• YOUR TASK: Find the line containing "The defenders of". Retype it and every later line of the records exactly, leaving out pictures.

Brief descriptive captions
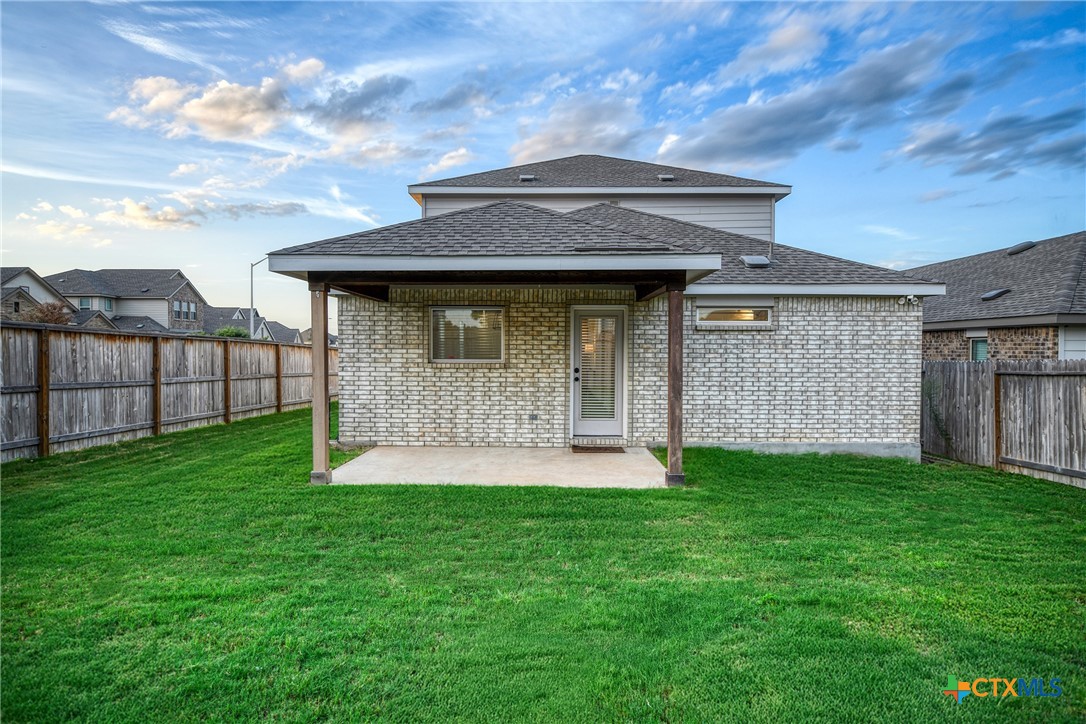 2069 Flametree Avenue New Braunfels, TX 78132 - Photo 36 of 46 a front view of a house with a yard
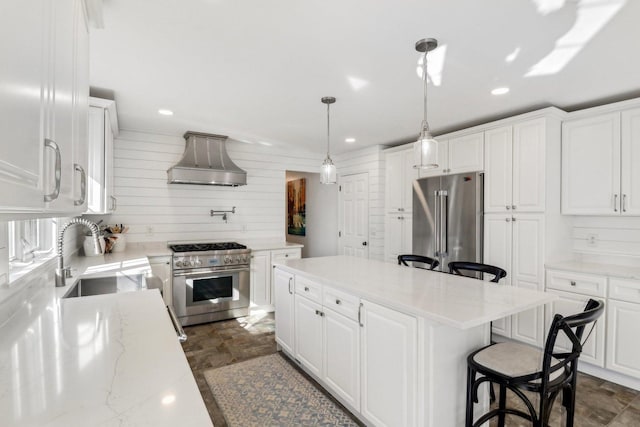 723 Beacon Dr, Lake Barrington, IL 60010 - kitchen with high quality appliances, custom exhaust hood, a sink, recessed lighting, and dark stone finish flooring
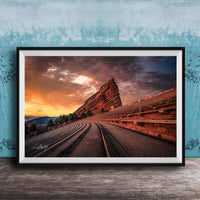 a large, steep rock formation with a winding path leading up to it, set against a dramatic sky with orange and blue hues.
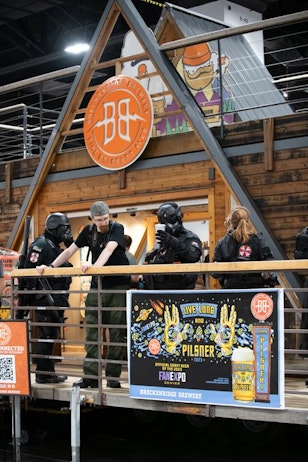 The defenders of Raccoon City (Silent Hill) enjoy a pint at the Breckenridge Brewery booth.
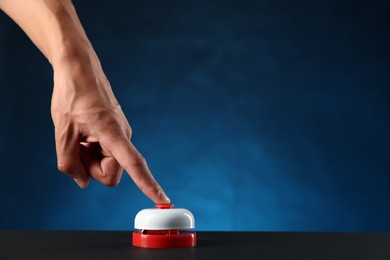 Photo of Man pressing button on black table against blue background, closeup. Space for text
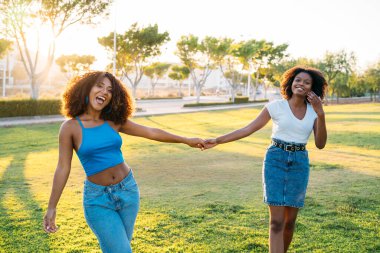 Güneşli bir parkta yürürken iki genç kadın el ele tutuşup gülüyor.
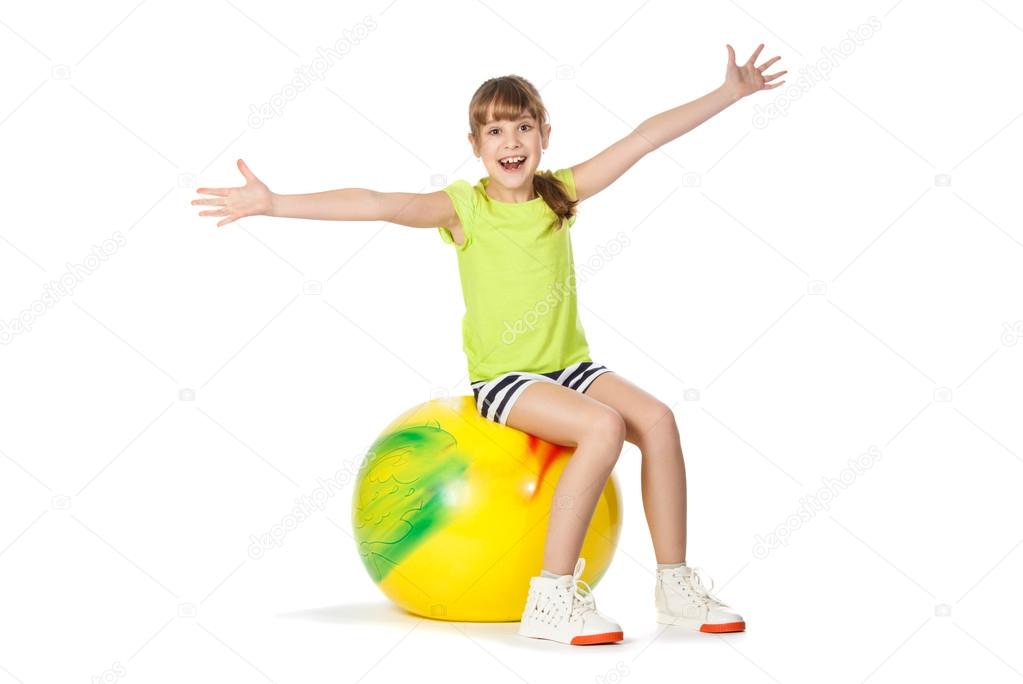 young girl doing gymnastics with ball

• WORKED SOLUTION:
 The defenders of Raccoon City (Silent Hill) enjoy a pint at the Breckenridge Brewery booth.
 Photo of Man pressing button on black table against blue background, closeup. Space for text
 Güneşli bir parkta yürürken iki genç kadın el ele tutuşup gülüyor.
 young girl doing gymnastics with ball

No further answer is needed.